The task: Look through the data below for the line with "Double shotgun, Michuel" and the line with "AFLW 2022 Round", then transcribe exactly from the first through the second, leaving out all pictures.

*** Dataset records Section Begins ***

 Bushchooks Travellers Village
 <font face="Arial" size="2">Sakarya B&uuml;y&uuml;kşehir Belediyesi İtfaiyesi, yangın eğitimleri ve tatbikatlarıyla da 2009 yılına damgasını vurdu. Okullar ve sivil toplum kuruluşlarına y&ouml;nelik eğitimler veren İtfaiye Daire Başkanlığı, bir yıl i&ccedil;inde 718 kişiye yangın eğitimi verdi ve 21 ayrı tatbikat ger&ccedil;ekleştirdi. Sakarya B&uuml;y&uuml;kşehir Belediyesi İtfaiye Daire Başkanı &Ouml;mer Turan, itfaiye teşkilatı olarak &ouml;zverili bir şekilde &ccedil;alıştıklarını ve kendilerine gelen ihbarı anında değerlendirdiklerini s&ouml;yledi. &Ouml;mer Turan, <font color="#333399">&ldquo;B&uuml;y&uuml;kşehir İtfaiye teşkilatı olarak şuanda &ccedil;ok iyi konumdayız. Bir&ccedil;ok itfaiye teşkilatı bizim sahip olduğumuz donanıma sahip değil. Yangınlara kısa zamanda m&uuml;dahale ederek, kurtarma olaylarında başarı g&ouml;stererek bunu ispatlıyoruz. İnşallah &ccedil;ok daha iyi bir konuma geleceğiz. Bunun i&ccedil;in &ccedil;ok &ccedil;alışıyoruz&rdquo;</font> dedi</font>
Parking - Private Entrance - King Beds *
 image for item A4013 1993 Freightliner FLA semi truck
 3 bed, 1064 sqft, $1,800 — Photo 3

*** Dataset records Section Ends ***
*** Dataset records Section Begins ***

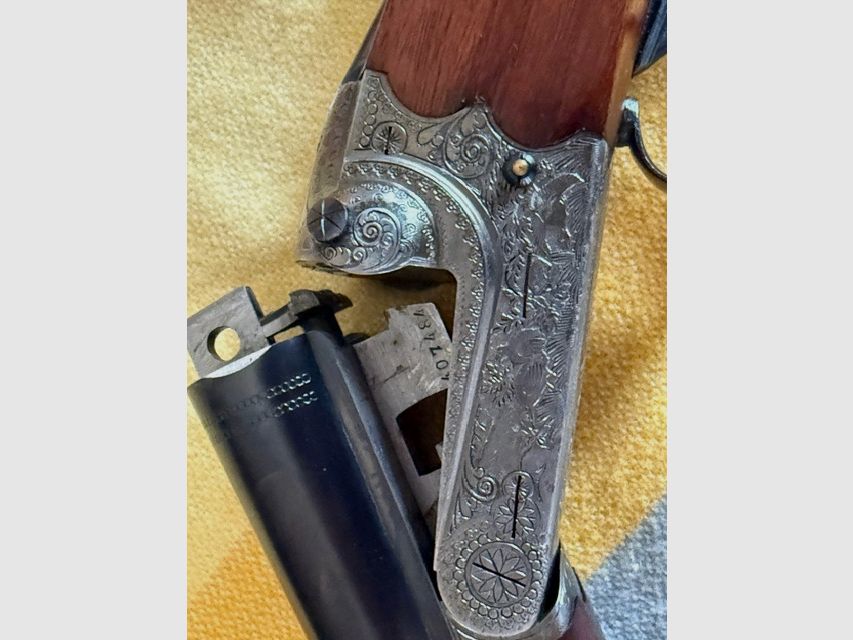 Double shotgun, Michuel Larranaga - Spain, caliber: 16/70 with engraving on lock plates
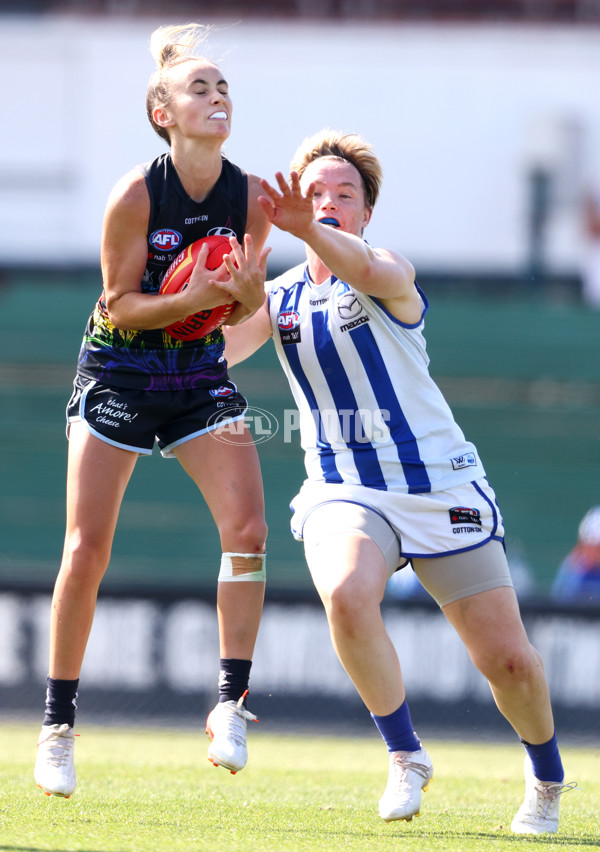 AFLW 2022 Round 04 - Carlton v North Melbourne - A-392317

*** Dataset records Section Ends ***
*** Dataset records Section Begins ***

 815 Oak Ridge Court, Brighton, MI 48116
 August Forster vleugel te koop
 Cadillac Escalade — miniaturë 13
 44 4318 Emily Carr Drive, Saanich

*** Dataset records Section Ends ***

Worked solution:
 Double shotgun, Michuel Larranaga - Spain, caliber: 16/70 with engraving on lock plates
 AFLW 2022 Round 04 - Carlton v North Melbourne - A-392317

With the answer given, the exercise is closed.